━━━ Stored data
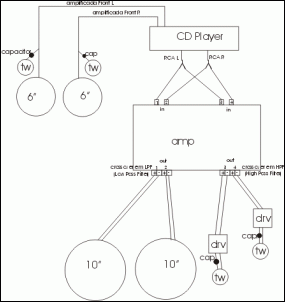 Para os entendidos em som automotivo-kekosoundmachine_110.gif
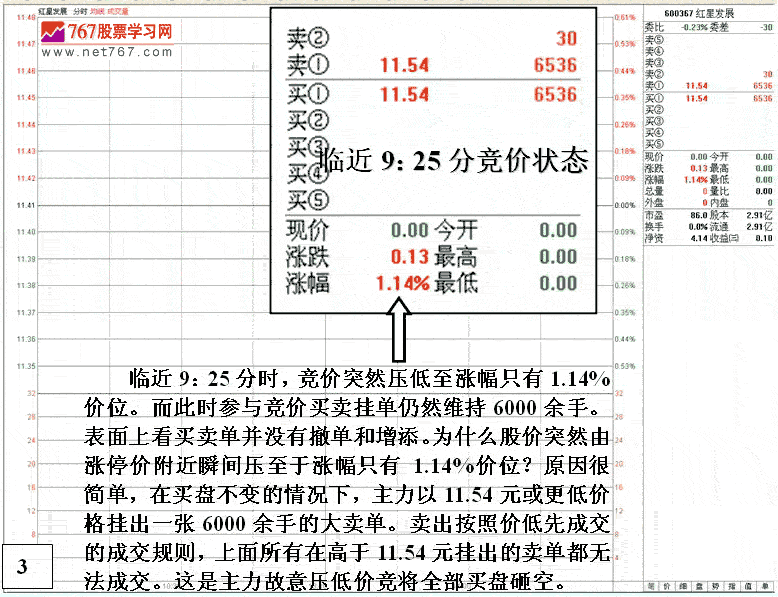 红星发展竞价涨停陷阱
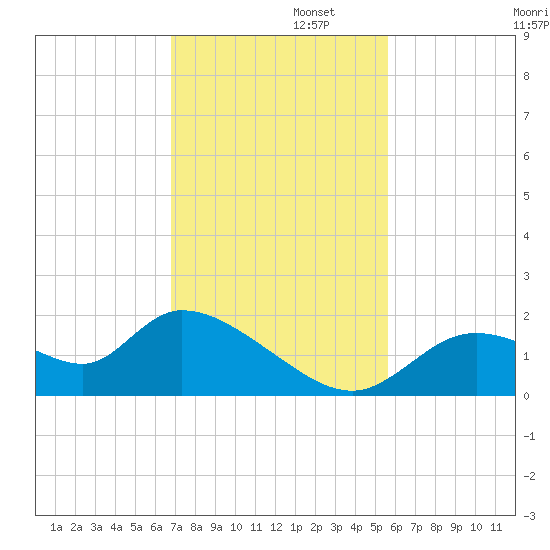 Crystal River tide chart for Tuesday, November 11, 2025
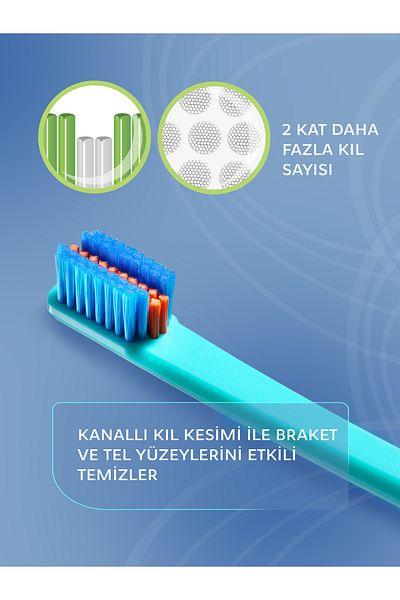 R.O.C.S. Pro Brackets&ortho Soft Toothbrush Green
━━━━━━
Work instructions
What you output must match the data exactly, apart from the pictures, which are left out.

The answer
 Para os entendidos em som automotivo-kekosoundmachine_110.gif
 红星发展竞价涨停陷阱
 Crystal River tide chart for Tuesday, November 11, 2025
 R.O.C.S. Pro Brackets&ortho Soft Toothbrush Green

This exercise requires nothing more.